6. ADOLF WINDAUS (1876-1959)
Another Nobel laureate who happened to have been born on Christmas Day, this Berlin native took home the 1928 Nobel Prize for chemistry. The award was granted to Windaus in recognition of the lifetime’s worth of research he’d conducted on sterols, a class of organic compounds that includes cholesterol. Windaus’s interest in this topic began shortly after he earned a Ph.D. in chemistry from the University of Freiburg. At the time, little was known about sterols, and the scientist dedicated his career to plugging the gaps in our understanding of them. Through careful research, Windaus would discover that these compounds are closely akin to bile acids. He also learned that a fungal sterol called ergosterol can be utilized to cure rickets. Furthermore, it was Windaus who first determined the chemical composition of Vitamin D.

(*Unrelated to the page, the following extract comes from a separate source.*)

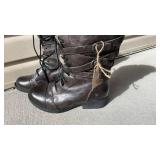 Born Leather boots womens size 9 never worn with tags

BONUS: ISAAC NEWTON (1642/43-1726/27)
If you could somehow resurrect Isaac Newton for an interview, he’d tell you that he was born on December 25, 1642—but modern historians cite January 4, 1643 as his actual birthday.
Confused? Take it up with Julius Caesar. In 45 BCE, the Roman dictator implemented a standardized, 365-day calendar (with leap years every four years, eventually) we now call the “Julian calendar.” Unfortunately, it relied on astronomical calculations that overestimated the time it takes the Earth to complete one full rotation around the sun by 11 minutes and 14 seconds. As the centuries passed, those extra minutes and seconds added up; by the mid-1500s, the Julian calendar had fallen about 10 days out of sync with the planet’s rotation. Clearly, something had to be done. So in 1582 CE, Pope Gregory XIII mandated a new calendar. Dubbed the “Gregorian calendar,” it was designed to facilitate some much-needed leap year reform (among other things). The Pope also erased the synchronization problem that the Julian Calendar had created by eliminating 10 full days from 1582. So Thursday, October 4 of that year was immediately followed by Friday, October 15.
But while Roman Catholic countries like France and Spain adopted the Gregorian calendar right away, Great Britain—Newton’s birthplace—didn’t follow suit until 1752. When the UK and its colonies finally implemented this calendar, they did so by striking 11 days from existence, doing away with September 3 through September 13. At the time, Ben Franklin is said to have remarked, “It is pleasant for an old man to go to sleep on September 2 and not have to wake up until September 14.”
By then, Isaac Newton had been dead for years. According to the Julian Calendar, he was born in 1642 and died in 1726. However, for consistency’s sake, historians have retroactively adjusted all pre-1752 years to conform to the Gregorian calendar—so today’s scholars cite January 4, 1643 as Newton’s birthday and March 31, 1727 as his death day (another part of the reform was to move when the New Year was celebrated, meaning Newton died before the new year under the Julian Calendar, but after under Gregorian). So there you have it: Arguably the greatest scientist in history both is and isn’t a Christmas baby.